Ma la storia, più che a partire da qualcuno, si snoda e si racconta a partire da qualcosa, un concetto antico, forse oggi del tutto perso, ma di cui restano distinguibili tracce soprattutto nella cultura del Sud: «Questo è un libro che nasce dalla mia passione per la mitologia: trovo che abbia capito tutte le dinamiche della psicologia che poi nell’800 sono state sviluppate. Ma c’è un concetto in particolare, oggi è sparito, da cui mi muovo, quello di pietas, un mix di due sentimenti – spiega Dario -. Da un lato il fortissimo amore per i genitori, dall’altro il senso del dovere verso di loro. Un mix che la cultura arcaica, quella più patriarcale siciliana, in nuce ha conservato».
Parte, quindi, da un obiettivo preciso: quello di inscenare questa pietas oggi, nel terzo millennio. Ed è dalla letteratura greca classica più alta che trae gli spunti che emotivamente lo attirano di più. Tra questi c’è, per esempio, una scena dell’Eneide che ha sempre affascinato Dario: quella in cui Enea, in fuga da Troia, si rende conto di avere lasciato indietro il padre Anchise. Torna da lui, lo ritrova, insiste per portarlo con sé, malgrado le sue resistenze e il timore di rallentarlo. Ma Enea non ascolta ragioni, lo carica sulle sue spalle e lo porta via con sé. «È una di quelle scene che ti rimane impressa, dalla narrativa fortissima, ha un impatto e una teatralità molto incisiva – commenta -. Per questo ho deciso di usarla». La stessa scena infatti è tradotta a Brancaccio e questa volta è Rosario quel figlio che carica sulle sue spalle la madre narcotizzata e semisvenuta.

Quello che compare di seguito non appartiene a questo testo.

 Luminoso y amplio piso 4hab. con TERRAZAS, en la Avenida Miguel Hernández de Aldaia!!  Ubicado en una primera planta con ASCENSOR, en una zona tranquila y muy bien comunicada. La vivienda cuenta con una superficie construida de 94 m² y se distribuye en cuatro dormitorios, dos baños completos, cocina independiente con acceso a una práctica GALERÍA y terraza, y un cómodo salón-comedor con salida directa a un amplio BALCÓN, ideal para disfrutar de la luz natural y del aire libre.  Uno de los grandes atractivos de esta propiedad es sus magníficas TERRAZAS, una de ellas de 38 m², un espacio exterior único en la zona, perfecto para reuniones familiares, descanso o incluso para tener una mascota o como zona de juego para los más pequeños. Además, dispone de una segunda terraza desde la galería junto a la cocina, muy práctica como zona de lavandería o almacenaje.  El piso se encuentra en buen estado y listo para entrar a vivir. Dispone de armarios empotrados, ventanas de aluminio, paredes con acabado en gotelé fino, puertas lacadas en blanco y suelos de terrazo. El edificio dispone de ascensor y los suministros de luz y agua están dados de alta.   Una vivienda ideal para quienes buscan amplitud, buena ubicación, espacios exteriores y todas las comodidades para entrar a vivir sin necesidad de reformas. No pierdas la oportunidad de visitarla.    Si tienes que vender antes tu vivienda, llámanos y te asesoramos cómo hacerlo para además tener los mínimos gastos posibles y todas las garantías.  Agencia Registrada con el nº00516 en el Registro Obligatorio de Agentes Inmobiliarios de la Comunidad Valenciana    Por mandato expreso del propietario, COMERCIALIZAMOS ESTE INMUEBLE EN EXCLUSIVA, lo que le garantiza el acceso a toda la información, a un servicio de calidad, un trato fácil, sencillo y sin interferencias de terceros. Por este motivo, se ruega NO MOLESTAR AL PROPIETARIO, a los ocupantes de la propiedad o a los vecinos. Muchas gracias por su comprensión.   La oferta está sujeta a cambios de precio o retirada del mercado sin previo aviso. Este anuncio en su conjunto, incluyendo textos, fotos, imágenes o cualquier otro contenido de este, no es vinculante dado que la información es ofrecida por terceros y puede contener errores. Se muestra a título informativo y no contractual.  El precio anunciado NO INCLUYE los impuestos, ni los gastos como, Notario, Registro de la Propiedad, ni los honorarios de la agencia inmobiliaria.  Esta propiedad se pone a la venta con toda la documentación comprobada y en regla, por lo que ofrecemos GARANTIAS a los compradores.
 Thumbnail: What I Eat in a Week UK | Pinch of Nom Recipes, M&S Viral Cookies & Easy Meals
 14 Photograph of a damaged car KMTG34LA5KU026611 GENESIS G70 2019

Proprio Brancaccio, per Dario, è stata una scelta quasi obbligata: «Volevo inscenare questo sentimento, che appartiene alla nostra cultura di tremila anni fa, quindi mi serviva un luogo che fosse sospeso nel tempo e nello spazio, un luogo dove lo Stato non entra – dice -, e un posto che somiglia a tutto questo è proprio la periferia, che con i suoi aspetti di degrado e di ferocia conserva lo spirito animale più autentico, le persone somigliano allo stato animale del luogo. Mi serviva questo, la ferocia della periferia». Il risultato è una short novel di 159 pagine, nate in poco più di un anno, ma passate al vaglio di un lunghissimo e scrupoloso lavoro di editing. E Dario di storie ne ha già in serbo altre: «Ho scritto qualcos’altro, quello più realizzato ha per protagonista una donna ed è ambientato di nuovo a Palermo. È il mio modo di restare vicino alla mia città». Dario infatti insegna Lettere in un liceo di Monza, ma a spingerlo fuori dall’Isola prima del lavoro è stato in realtà l’amore. «Non condannerei mai chi, per le ragioni più diverse, va via. Ma chi dimentica sì».